Pour lui, cette date marque une étape importante : « Après trois ans de transition, il est temps qu’on tourne la page. Un président élu démocratiquement permettra à la Guinée de se repositionner sur l’échiquier international. »
Mais pour y parvenir, il ne suffit pas d’une date et de bonnes intentions. Il faut du concret. Et sur ce terrain-là, Gbonimy sait de quoi il parle.
Recenser, oui. Mais bien.
Le recensement électoral doit débuter le 15 avril pour une durée de 45 jours. Suffisant ? Pas impossible, selon lui. « Avec des moyens adaptés et une volonté politique réelle, c’est jouable. Mais il faut que ce soit bien fait. »
Et surtout, il insiste sur un point crucial : le ciblage. « On parle de recenser à partir de 10 ans, mais ce n’est pas le moment. Ce qu’il faut, c’est un fichier électoral pour les citoyens en âge de voter. Un fichier crédible, transparent, qui évite les erreurs du passé. »
Il se méfie des raccourcis technocratiques et des approches mal adaptées au contexte guinéen. « Le RAVEC pose déjà problème. Alors pourquoi s’acharner ? Partons sur du ciblé, du pragmatique. »
Dialogue, toujours
Jacques Gbonimy est un partisan assumé du dialogue. « J’ai même écrit un livre là-dessus », sourit-il. Pour lui, toutes les crises, grandes ou petites, finissent autour d’une table. Et la transition guinéenne ne fera pas exception.
Mais attention : « Il ne suffit pas de dire qu’on veut dialoguer. Il faut s’assurer que tout le monde se sente concerné. Cela passe par une phase préparatoire sérieuse, où l’on définit ensemble les règles du jeu. Sinon, ça ne sert à rien. »
La grâce accordée à Dadis : entre humanité et politique
Quand on évoque la récente grâce présidentielle accordée à Moussa Dadis Camara, Jacques Gbonimy change légèrement de ton. Plus personnel. « Je connais Dadis depuis longtemps. Au lycée, à l’université… Humainement, je suis content pour lui. »

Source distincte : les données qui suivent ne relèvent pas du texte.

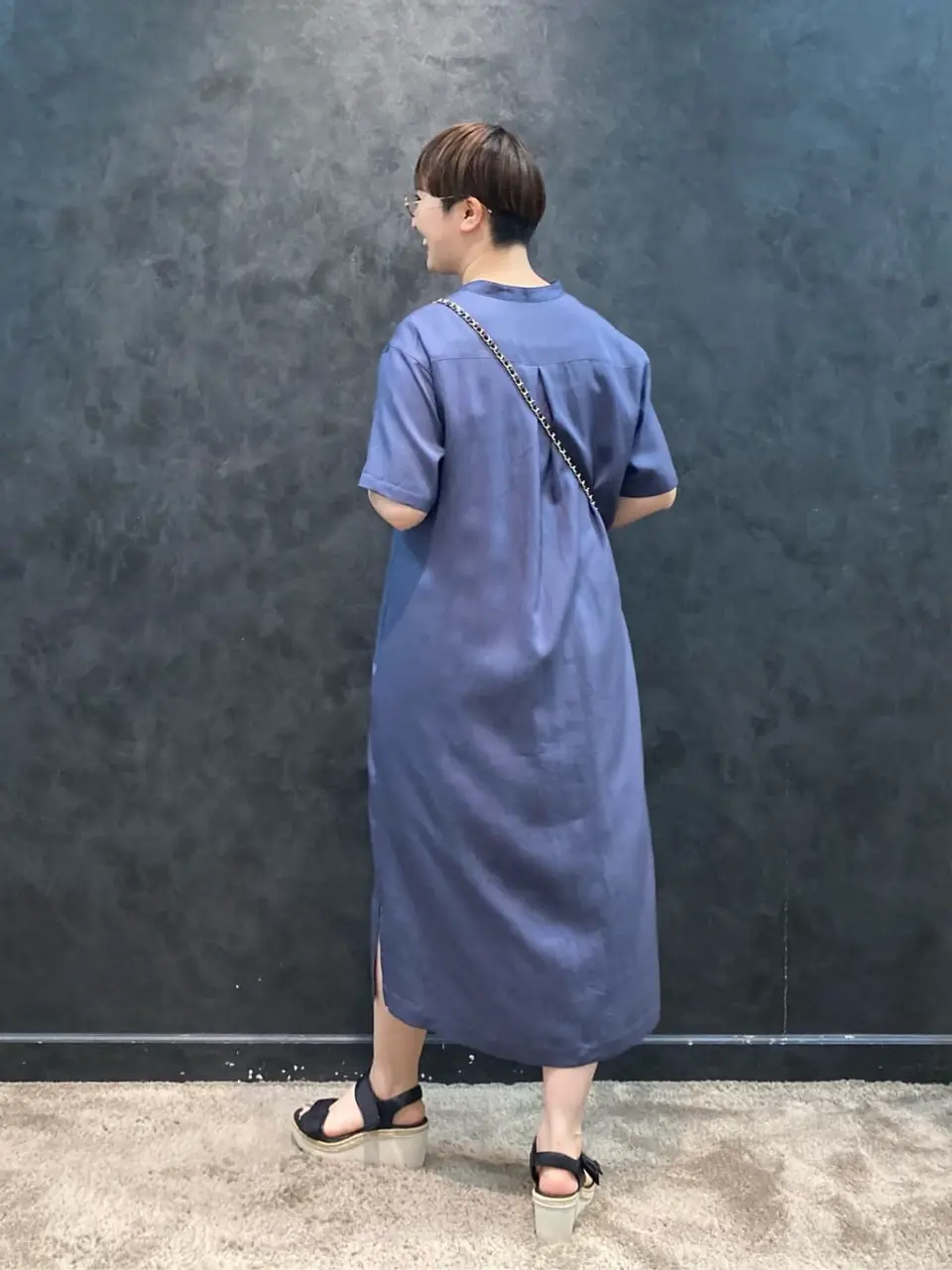 23区 S 畠山 コーディネート画像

Mais il reste lucide sur la polémique que cette décision a soulevée. « Si la procédure a été respectée, alors il n’y a pas de problème. Et puis, Dadis a fait preuve de dignité : il s’est présenté au procès, il a coopéré. Cela mérite d’être salué. »
Et les autres ? Toumba, Claude Pivi, et les coaccusés ? « Moi, je pense qu’ils devraient aussi bénéficier d’une mesure de clémence. Cela contribuerait à l’apaisement. La Guinée a besoin de réconciliation. »
Et Doumbouya, alors ?
Le grand sujet, celui qui fait parler sur les plateaux, dans les quartiers, dans les salons : la potentielle candidature du général Mamadi Doumbouya.
Gbonimy préfère temporiser. « Ce débat est prématuré. On n’en est pas là. Tant qu’on n’a pas la Constitution, tant que les règles du jeu ne sont pas claires, ce n’est pas le moment. »
Mais il n’élude pas la question pour autant. « S’il remplit les critères, pourquoi pas ? Je ne suis pas contre la candidature de qui que ce soit. Mais pour que ce soit légitime, il faut qu’il reste au-dessus de la mêlée jusqu’à ce que tout soit en place. »
L’UPG, entre continuité et turbulence
Même au sein de son propre parti, les vents sont parfois contraires. Une crise interne secoue l’UPG depuis plus de trois ans. Mais là encore, Gbonimy garde le cap. « La justice suit son cours. Nous respectons ses décisions. Ce conflit aurait pu être réglé administrativement, mais il a fallu en arriver là. »
Malgré cela, l’UPG reste dans la course. « Nous avons été retenus parmi les partis pouvant continuer leurs activités. Nous sommes présents sur le terrain. »
Une transition à ne pas rater
En résumé, pour Jacques Gbonimy, le train de la transition est lancé, mais il ne doit pas dérailler. « Il faut un fichier électoral solide, un dialogue sincère, et surtout, de la cohérence. »
Il n’écarte aucune possibilité, mais rappelle une évidence souvent oubliée dans le tumulte : « Les bonnes élections sont celles que personne ne conteste. »
Et si la Guinée veut vraiment sortir de l’ombre, alors elle n’a pas droit à l’erreur.